→ **DATA SHOWN**
★ ★ ★ ★ ★ ★ ★

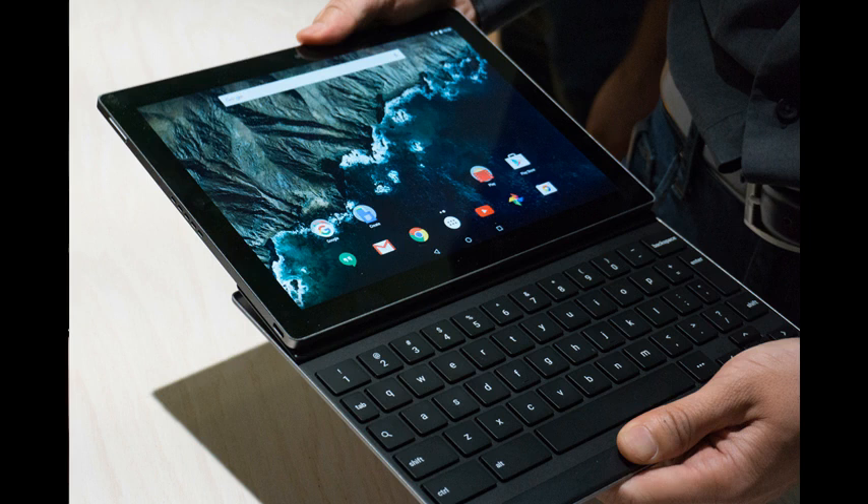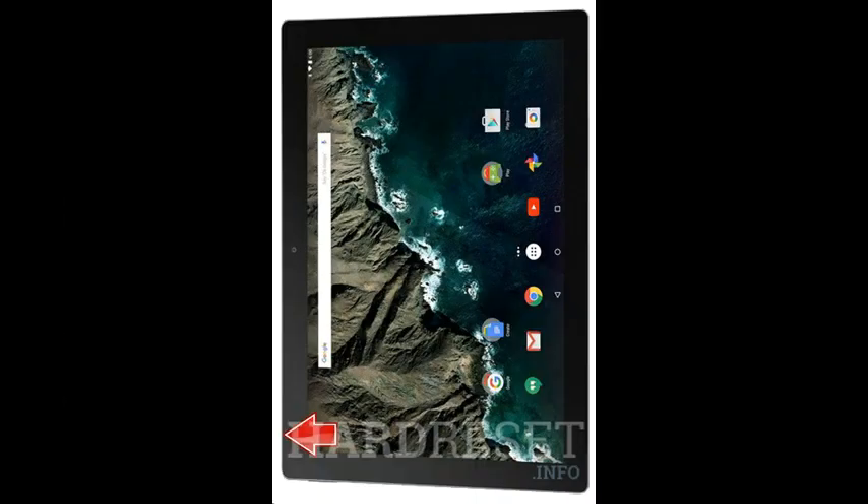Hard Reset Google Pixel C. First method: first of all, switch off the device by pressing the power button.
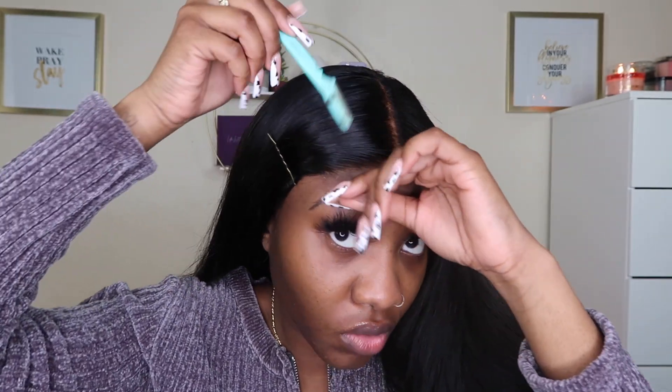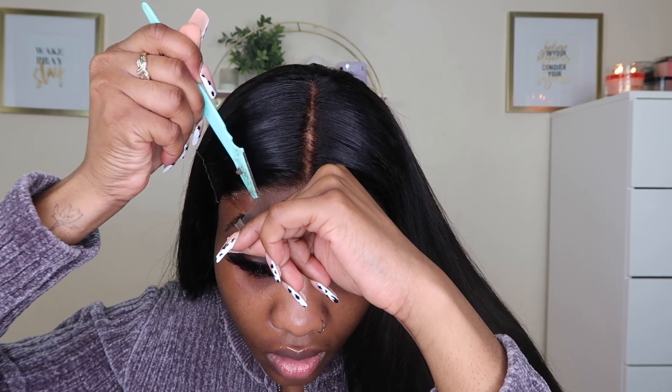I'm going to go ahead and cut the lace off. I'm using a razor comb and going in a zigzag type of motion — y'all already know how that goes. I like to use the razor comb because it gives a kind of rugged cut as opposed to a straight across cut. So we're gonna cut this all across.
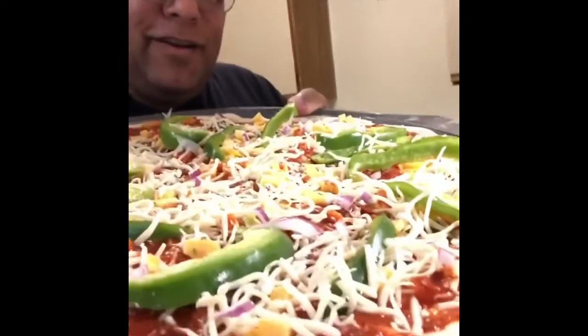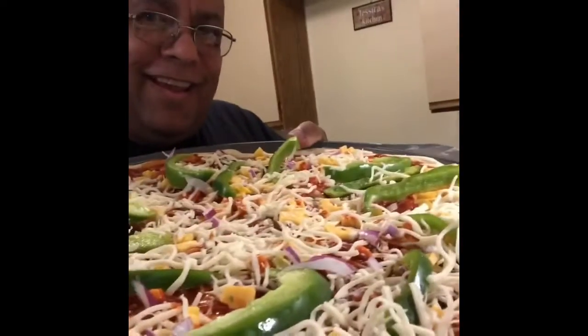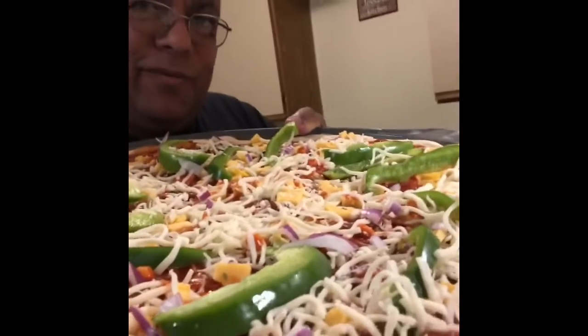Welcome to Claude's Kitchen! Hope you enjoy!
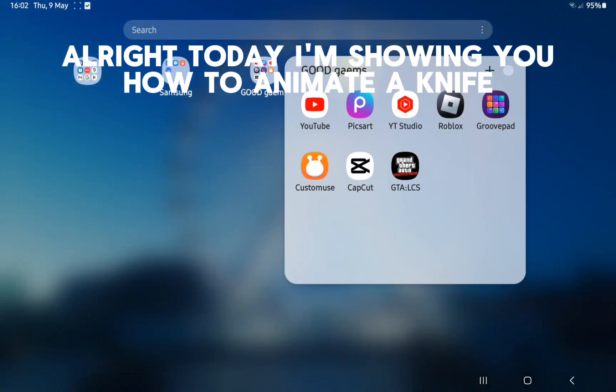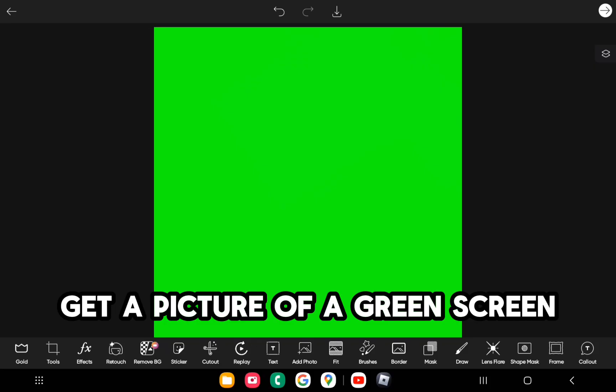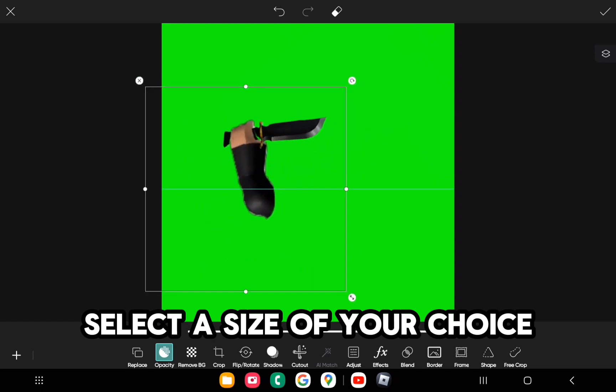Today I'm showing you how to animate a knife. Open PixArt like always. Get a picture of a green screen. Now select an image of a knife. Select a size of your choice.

★ ★ ★ ★ ★ ★ ★

→ **PROBLEM**
For this exercise, transcribe the data above line by line, exactly, with pictures omitted.

→ **TASK RESPONSE**
Hard Reset Google Pixel C. First method: first of all, switch off the device by pressing the power button.
I'm going to go ahead and cut the lace off. I'm using a razor comb and going in a zigzag type of motion — y'all already know how that goes. I like to use the razor comb because it gives a kind of rugged cut as opposed to a straight across cut. So we're gonna cut this all across.
Welcome to Claude's Kitchen! Hope you enjoy!
Today I'm showing you how to animate a knife. Open PixArt like always. Get a picture of a green screen. Now select an image of a knife. Select a size of your choice.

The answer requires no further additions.